Our CNN consists of three convolutional layers and a fully connected layer. The first convolutional layer has 100 7×7 filers, each of which convolve a 7×7 neighborhood in the input image. The second convolutional layer has 150 4×4 filters; The third convolutional layer has 250 4×4 filters; The fully connected layer contains 300 neurons, and outputs 43 features. The input data of the CNN are black and white traffic sign images scaled to the pixel size of 30×30. The output data are the probability of each input image belonging to a type of traffic signs.

The input data of the traffic sign recognition algorithm contain both normal samples and abnormal samples. The abnormality of abnormal samples refers to the abnormal shape features induced by complex situations, such as occlusion, jitter, and noise. The CL strategy could also be applied to train the CNN. Under this strategy, the CNN could extract the characteristic parameters of simple samples from simple curriculums, and the extra characteristic parameters of complex samples from complex curriculums.

Therefore, this paper decides to train the CNN by the SPL, and integrates the training method with the learning method into a novel algorithm called SPCNN. The performance of the SPCNN was tested in three steps: Firstly, the images detected from training set and test set were all given labels about which type of traffic signs they belong to; Next, the traffic sign images detected from the training set were used to train the CNN; Finally, the trained CNN was adopted to recognize all the images detected from the training set and the test set, producing the accuracy of the SPCNN on the two datasets.

2.3 The SPL

The details of the SPL are given below. Let $D=\left\{\left(x_{i}, y_{i}\right)\right\}_{i=1}^{n}$ be the training set, where xi is the i-th sample, and yi is the label of the i-th sample. Suppose L(yi, g(xi, w)) is the loss of the prediction model brought by the i-th sample, where g is the prediction function, and w is the parameter of the prediction model. Then, the objective function of the SPL optimization can be defined as:

$\min _{w, v \in[0,1]^{n}} E(w, v ; \lambda)$

$=\sum_{i=1}^{n}\left(v_{i} L\left(y_{i}, f\left(x_{i}, w\right)\right)+h\left(v_{i}, \lambda\right)\right.$          (1)

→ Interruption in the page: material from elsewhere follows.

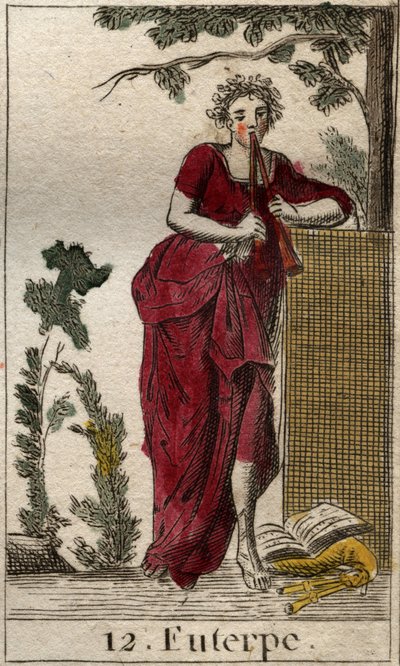 Rappresentazione di Euterpe, musa della musica, circondata da libri di musica e suonando il doppio flauto (aulos). Da 
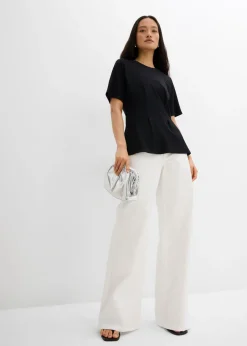bonprix bonprix Camiseta ajustada de cómodo Punto di Roma Negro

where, h is the self-paced regular function, whose attributes and properties are introduced by Meng et al. [28]. The following self-paced regular function is selected for this research:

$h(v, \lambda)=-\lambda v$       (2)

For the CNN, the loss function can be expressed as:

$L\left(y_{i}, f\left(x_{i}, w\right)\right)=-\log p\left(y=y_{i} | x\right)$       (3)

where, p(y=yi|x) is the value of CNN output corresponding to the class yi.

For the SVM, the hinge loss function can be expressed as:

$L\left(y_{i}, f\left(x_{i}, w\right)\right)=\max \left\{0,1-\left(w^{T} x_{i}+b\right) y_{i}\right\}$         (4)

where, b is the bias.

Obviously, after each training, the loss of each sample can be obtained easily from the outputs of the CNN and the SVM.

Eq. (1) can be solved by the expectation-maximization (EM) algorithm (Algorithm 1).

In the EM algorithm, dataset D is the set of all samples; the array v is used to select the samples for each training; w is the parameter value of the ML model; L is the value of the loss function; λ is the threshold for sample groups; s is used to determine the increment of sample complexity in each training.

During the SPL, the training is divided into multiple rounds. In each round, the training samples include all the simple samples and part of the complex samples. The sample composition reflects the knowledge acquisition in education process: reviewing simple knowledge, and probing deep into complex knowledge.

Algorithm 1: The EM algorithm

Input: Input dataset D, w0, λ, and s

Output: w of minv E(w, v; λ).

1 repeat

2   Calculate L of every sample by w;

3   Sort the samples in ascending order of their loss values L;

4    for i=1 to n

5        if L(yi, f(xi, w))<λ then vi=1; // select this sample

6        else

7            vi=0; // do not select this sample

8        end

9    end

10   Update w by solving min $\sum_{i=1}^{n} v_{i} L_{i}\left(y_{i}, f\left(x_{i}, w\right)\right)+\frac{1}{2}\|w\|_{2}$

11   λ=λ+s

12 until w is not changed or vi=1, i=1, 2, ..., n.

3. Experiments

3.1 Datasets

Four datasets were selected for our experiments, including GTSDB, KITTI, BTSDB, and GTSRB. The former two were for training, and the latter two were for testing. The GTSRB contains 51,840 images containing traffic signs; the KITTI includes 400 1,242×375 images captured by two cameras (left and right); the GTSDB offers 900 1,360×800 images; the BTSDB provides 3,133 images shot by eight cameras.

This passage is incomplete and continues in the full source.